[THE DATA Boundary: Start]
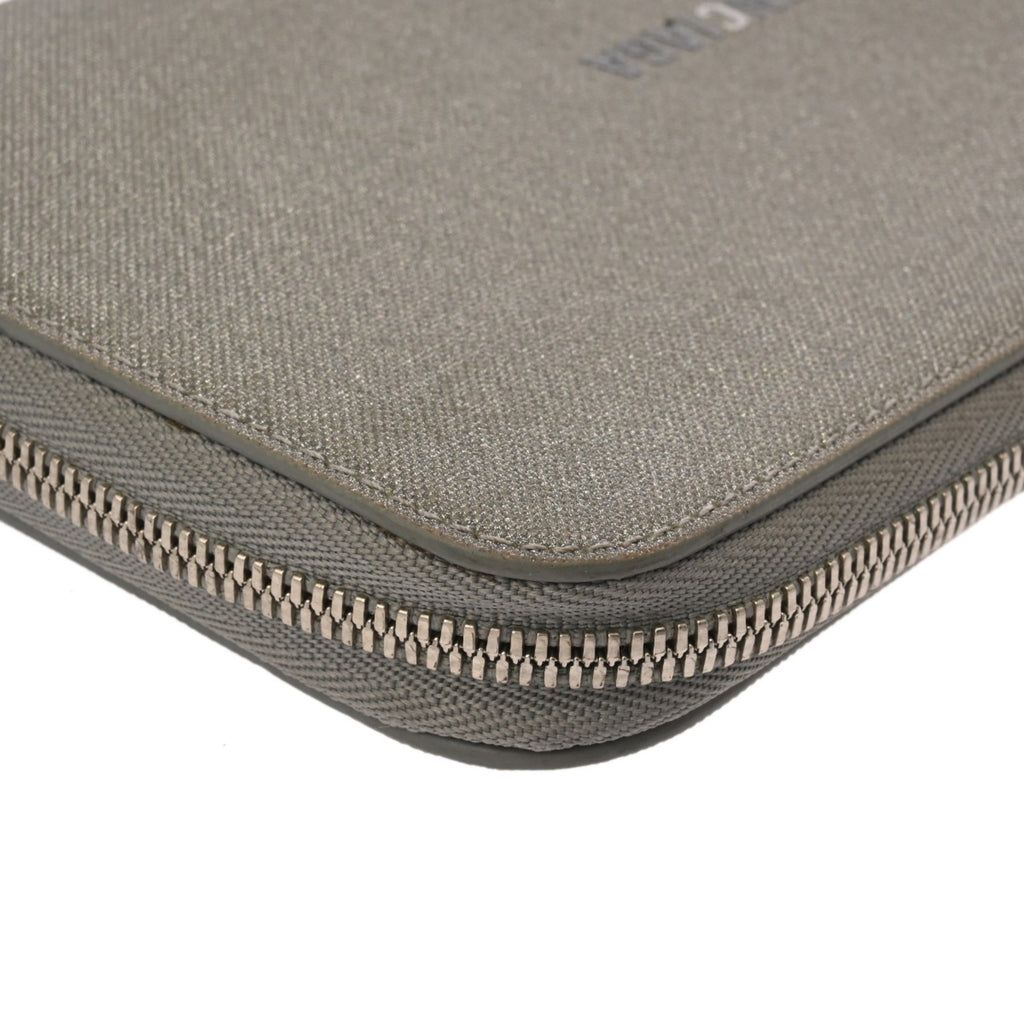 BALENCIAGA Silver Zip-Around Wallet with Hardware, 594290, Unisex, Glitter Material, Long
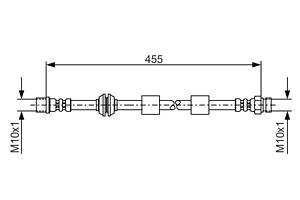 BOSCH 1 987 476 170 Шланг тормозной (передний) Ford Galaxy/VW Sharan 1.9-2.0 TDI 95-10 (L=458mm)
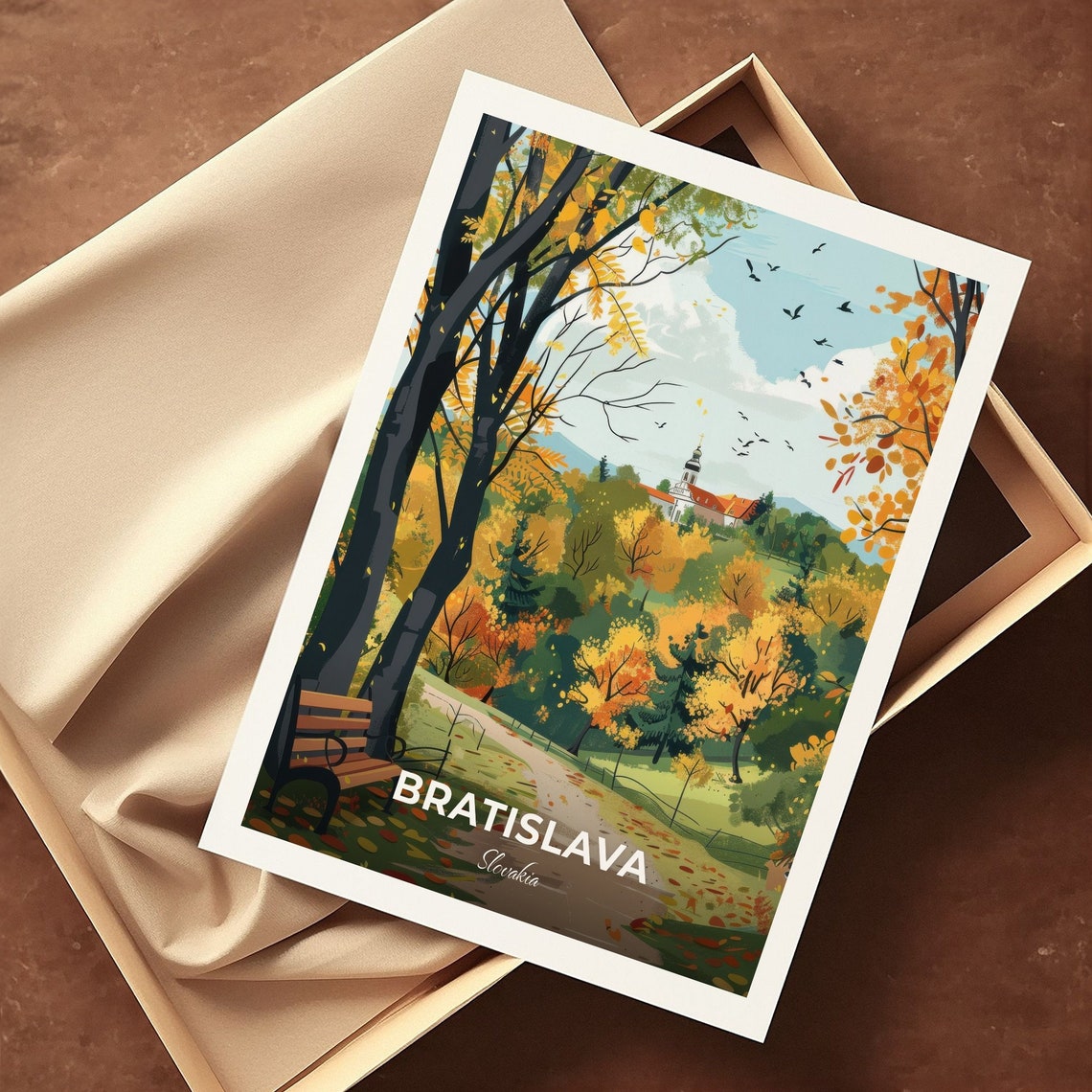 Bratislava Autumn Park Golden Trees Bench Slovakia Fall Travel Poster - Image 3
[THE DATA Boundary: End]
PROBLEM DESCRIPTION. Drop the images, then copy the data exactly.

ANSWER TO THE PROBLEM.
 BALENCIAGA Silver Zip-Around Wallet with Hardware, 594290, Unisex, Glitter Material, Long
 BOSCH 1 987 476 170 Шланг тормозной (передний) Ford Galaxy/VW Sharan 1.9-2.0 TDI 95-10 (L=458mm)
 Bratislava Autumn Park Golden Trees Bench Slovakia Fall Travel Poster - Image 3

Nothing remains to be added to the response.